Она сильно изменилась. По-прежнему была очень красива, но теперь к этому добавились самоуверенность и какое-то странное безразличие.
— Позволь мне представить тебе: мистер Реншоу, Сирил. Том, ты знаешь, кто это? Я часто рассказывала тебе о Сириле. Я выхожу замуж за Тома через три недели, — сказала она, смеясь.
— Вот это да! — воскликнул я непроизвольно.
— Если он возьмет меня, — добавила она игриво.
Том, хорошо сложенный, красивый мужчина, слегка загорелый, добродушно улыбался. Чувствовалась военная выправка. Возможно, это ощущение создавала излишняя самоуверенность, с которой он наклонил голову и крутил усы. Но было что-то и очаровательное, молодое в том, как он засмеялся на последнее заявление Эмили.
— Почему ты ничего не сказала мне? — спросил я.
— А почему ты не спросил у меня? — ответила она, поднимая брови.
— Мистер Реншоу, — сказал я, — вы обошли меня.
— Я очень извиняюсь, — сказал он, еще раз покрутив усы и рассмеявшись своей шутке.
— Ты действительно сердишься? — спросила меня Эмили, улыбаясь.
— Да! — ответил я вполне искренне.
Она снова засмеялась, очень довольная.
— Ты, конечно, шутишь — сказала она. — Как можно думать, что ты рассердишься теперь, когда прошло… Сколько лет прошло?
— Я не считал, — сказал я.
— Вам меня не жаль? — спросил я у Тома Реншоу.
Он посмотрел на меня синими молодыми глазами, такими яркими, такими наивно-вопросительными, такими мудрыми и задумчивыми. Он просто не знал, что сказать, как это воспринимать.
— Очень! — ответил он, снова расхохотавшись и быстро стал крутить свои усы, смотря вниз на ноги.

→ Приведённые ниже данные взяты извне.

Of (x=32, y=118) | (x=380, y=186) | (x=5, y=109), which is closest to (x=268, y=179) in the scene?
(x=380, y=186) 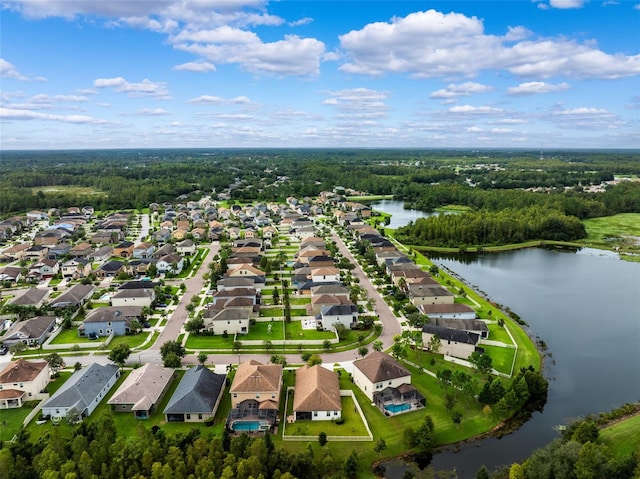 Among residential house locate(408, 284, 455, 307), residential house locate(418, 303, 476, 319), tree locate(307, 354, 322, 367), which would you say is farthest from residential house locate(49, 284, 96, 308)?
residential house locate(418, 303, 476, 319)

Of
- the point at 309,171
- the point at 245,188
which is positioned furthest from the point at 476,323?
the point at 309,171

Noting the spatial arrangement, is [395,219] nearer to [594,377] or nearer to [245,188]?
[245,188]

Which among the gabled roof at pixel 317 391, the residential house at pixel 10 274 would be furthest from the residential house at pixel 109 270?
the gabled roof at pixel 317 391

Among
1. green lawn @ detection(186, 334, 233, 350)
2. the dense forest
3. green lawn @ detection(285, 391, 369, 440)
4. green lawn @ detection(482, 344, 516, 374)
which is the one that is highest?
the dense forest

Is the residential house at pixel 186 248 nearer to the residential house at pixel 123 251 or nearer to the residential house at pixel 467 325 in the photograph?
the residential house at pixel 123 251

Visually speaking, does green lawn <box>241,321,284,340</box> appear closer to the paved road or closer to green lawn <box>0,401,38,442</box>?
the paved road

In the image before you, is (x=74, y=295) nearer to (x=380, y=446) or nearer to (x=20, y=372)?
(x=20, y=372)

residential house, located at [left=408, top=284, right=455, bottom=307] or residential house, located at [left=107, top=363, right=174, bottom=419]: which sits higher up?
residential house, located at [left=408, top=284, right=455, bottom=307]
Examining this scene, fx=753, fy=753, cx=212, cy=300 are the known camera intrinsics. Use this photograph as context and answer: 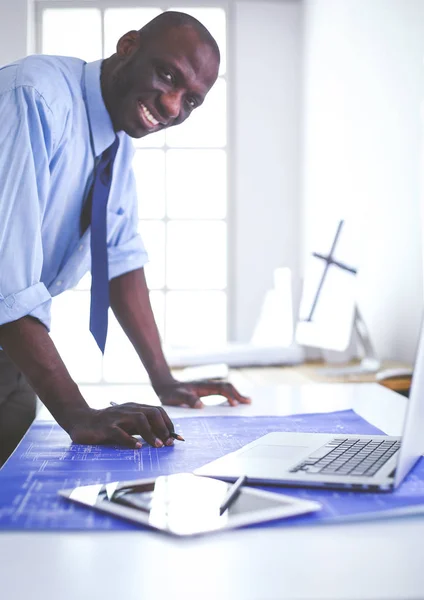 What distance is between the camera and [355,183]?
3062mm

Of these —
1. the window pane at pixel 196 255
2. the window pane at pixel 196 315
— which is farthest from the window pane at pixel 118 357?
the window pane at pixel 196 255

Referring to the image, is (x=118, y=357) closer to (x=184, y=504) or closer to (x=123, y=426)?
(x=123, y=426)

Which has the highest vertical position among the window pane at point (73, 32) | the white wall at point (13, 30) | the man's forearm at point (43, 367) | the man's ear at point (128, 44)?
the window pane at point (73, 32)

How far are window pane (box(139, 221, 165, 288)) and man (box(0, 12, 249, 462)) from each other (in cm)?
252

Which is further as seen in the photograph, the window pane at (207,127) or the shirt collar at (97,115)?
the window pane at (207,127)

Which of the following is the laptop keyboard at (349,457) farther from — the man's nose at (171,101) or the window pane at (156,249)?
the window pane at (156,249)

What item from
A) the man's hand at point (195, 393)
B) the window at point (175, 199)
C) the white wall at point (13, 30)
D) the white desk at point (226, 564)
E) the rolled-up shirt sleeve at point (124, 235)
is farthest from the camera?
the window at point (175, 199)

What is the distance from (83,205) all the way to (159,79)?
273 mm

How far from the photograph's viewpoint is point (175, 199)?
13.6ft

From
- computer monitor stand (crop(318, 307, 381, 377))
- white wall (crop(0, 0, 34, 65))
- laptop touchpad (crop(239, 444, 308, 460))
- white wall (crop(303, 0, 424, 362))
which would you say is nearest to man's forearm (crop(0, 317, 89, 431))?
laptop touchpad (crop(239, 444, 308, 460))

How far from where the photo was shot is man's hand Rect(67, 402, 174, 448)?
999 mm

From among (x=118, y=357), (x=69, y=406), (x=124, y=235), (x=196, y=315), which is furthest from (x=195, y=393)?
(x=196, y=315)

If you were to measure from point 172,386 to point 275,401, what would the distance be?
208 millimetres

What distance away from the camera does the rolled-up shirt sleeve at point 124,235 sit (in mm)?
1575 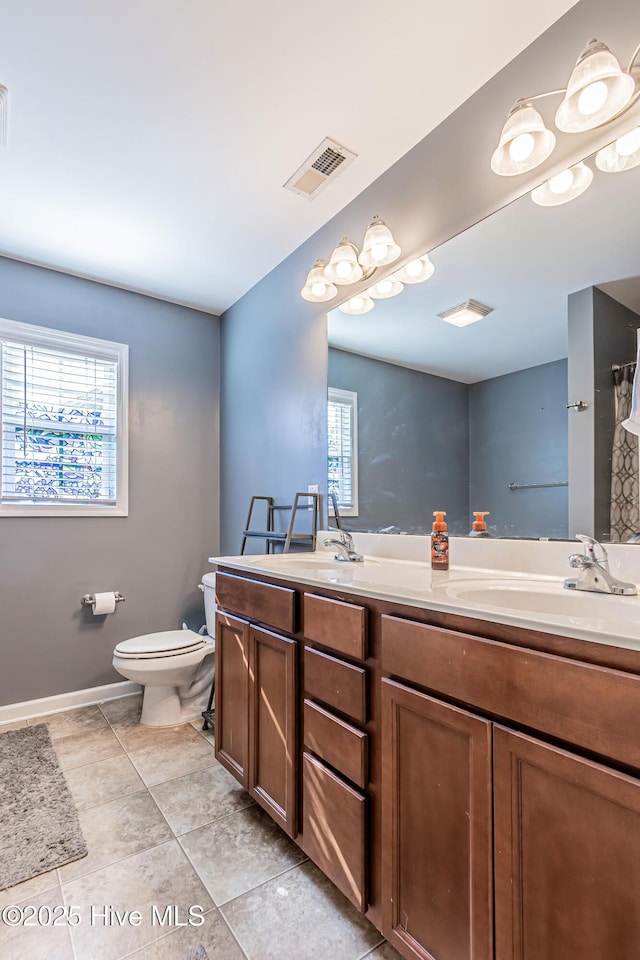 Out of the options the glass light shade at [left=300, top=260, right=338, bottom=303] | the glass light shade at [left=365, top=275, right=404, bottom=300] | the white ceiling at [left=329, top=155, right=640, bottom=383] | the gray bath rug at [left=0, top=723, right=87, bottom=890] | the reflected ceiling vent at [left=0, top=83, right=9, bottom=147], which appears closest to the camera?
the white ceiling at [left=329, top=155, right=640, bottom=383]

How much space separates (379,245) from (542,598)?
140 cm

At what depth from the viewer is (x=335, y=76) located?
154 cm

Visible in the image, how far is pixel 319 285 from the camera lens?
213cm

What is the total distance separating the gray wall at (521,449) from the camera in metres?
1.37

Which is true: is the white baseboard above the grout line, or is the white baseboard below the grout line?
below

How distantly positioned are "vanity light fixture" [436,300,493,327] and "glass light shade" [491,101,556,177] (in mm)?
377

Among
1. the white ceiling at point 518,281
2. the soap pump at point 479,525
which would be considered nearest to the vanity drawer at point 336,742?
the soap pump at point 479,525

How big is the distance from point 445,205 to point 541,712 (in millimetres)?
1633

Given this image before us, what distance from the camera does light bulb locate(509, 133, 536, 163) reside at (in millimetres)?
1344

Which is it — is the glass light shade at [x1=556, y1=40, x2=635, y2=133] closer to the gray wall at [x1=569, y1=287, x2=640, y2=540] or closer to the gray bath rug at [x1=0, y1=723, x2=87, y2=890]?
the gray wall at [x1=569, y1=287, x2=640, y2=540]

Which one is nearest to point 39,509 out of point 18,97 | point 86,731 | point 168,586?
point 168,586

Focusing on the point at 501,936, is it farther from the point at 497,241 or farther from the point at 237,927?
the point at 497,241

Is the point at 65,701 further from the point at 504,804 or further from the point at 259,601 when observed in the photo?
the point at 504,804

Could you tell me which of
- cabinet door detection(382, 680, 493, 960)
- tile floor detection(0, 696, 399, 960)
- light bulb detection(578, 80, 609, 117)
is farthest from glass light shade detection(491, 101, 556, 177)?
tile floor detection(0, 696, 399, 960) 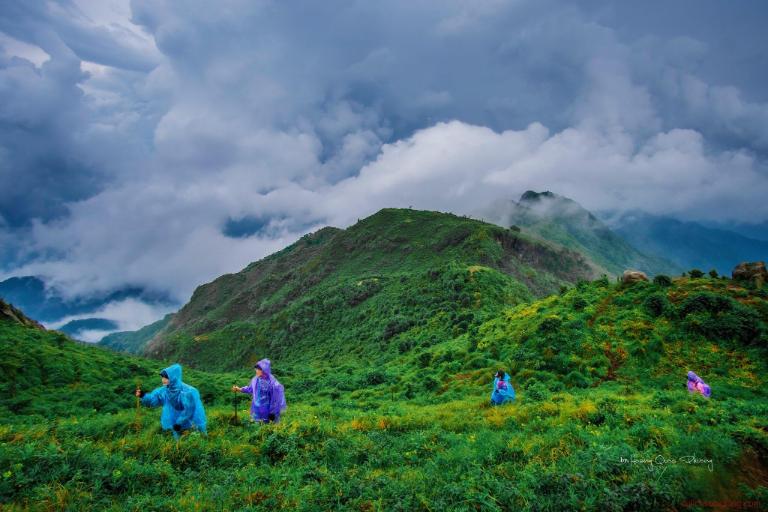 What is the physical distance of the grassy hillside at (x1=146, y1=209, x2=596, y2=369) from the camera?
A: 5215 cm

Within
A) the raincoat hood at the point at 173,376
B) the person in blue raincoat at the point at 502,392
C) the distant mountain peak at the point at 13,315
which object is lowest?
the person in blue raincoat at the point at 502,392

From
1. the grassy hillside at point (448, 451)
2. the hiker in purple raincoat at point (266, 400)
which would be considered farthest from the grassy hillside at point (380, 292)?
the hiker in purple raincoat at point (266, 400)

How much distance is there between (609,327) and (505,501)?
19.5 metres

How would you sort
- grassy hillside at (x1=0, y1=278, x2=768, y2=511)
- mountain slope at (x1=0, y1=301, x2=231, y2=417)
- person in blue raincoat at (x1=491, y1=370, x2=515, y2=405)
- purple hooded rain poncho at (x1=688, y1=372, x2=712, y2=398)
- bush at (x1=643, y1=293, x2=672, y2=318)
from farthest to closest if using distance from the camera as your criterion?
bush at (x1=643, y1=293, x2=672, y2=318), mountain slope at (x1=0, y1=301, x2=231, y2=417), person in blue raincoat at (x1=491, y1=370, x2=515, y2=405), purple hooded rain poncho at (x1=688, y1=372, x2=712, y2=398), grassy hillside at (x1=0, y1=278, x2=768, y2=511)

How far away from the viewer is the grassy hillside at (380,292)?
52153 mm

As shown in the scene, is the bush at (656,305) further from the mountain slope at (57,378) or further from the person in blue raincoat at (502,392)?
the mountain slope at (57,378)

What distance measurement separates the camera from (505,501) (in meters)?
5.98

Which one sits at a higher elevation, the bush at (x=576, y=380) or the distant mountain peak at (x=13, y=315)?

Ему двадцать девять лет. Он служил солдатом в Китае в течение пяти лет, а сейчас занимался сельским хозяйством на ферме своего отца в Паплвике, где Эмили работала учительницей. Он уже восемнадцать месяцев дома. Его отец — семидесятилетний старик, который искалечил правую руку в машине. Все это они успели рассказать мне. Мне понравился Том своим обаянием юности и в то же время удивительной мудростью.
Настоящий мужчина, если, конечно, он не будет удручать себя бесплодными мечтами и дотошным анализированием событий. В то же время он всегда может отличить красоту от уродства, добро от зла. Он не станет думать, будто какая-то вещь отнюдь не такая, как представляется на первый взгляд. Он достаточно конкретен. Он смотрел на Эмили умно и благодарно.
— Я на тысячу лет старше его, — сказала она мне смеясь, — так же, как ты на столетие старше меня.
— И ты любишь его за его молодость? — спросил я.
— Да, — ответила она, — за это и за то, что он очень дальновидный и проницательный, еще за то, что он такой нежный.
— А я не был нежен, да? — спросил я.
— Нет! Ты был беззаботен, как ветер, — сказала она.
И я увидел трепет прежнего страха.
— А где Джордж? — спросил я.
— В постели, — ответила она коротко. — Он приходит в себя после одной из своих оргий. На месте Мег я бы не стала с ним жить.
— Так уж он плох? — спросил я.
— Плох?! — откликнулась она. — Да он отвратителен. Я уверена, что он опасен. Я бы поместила его в дом для алкоголиков.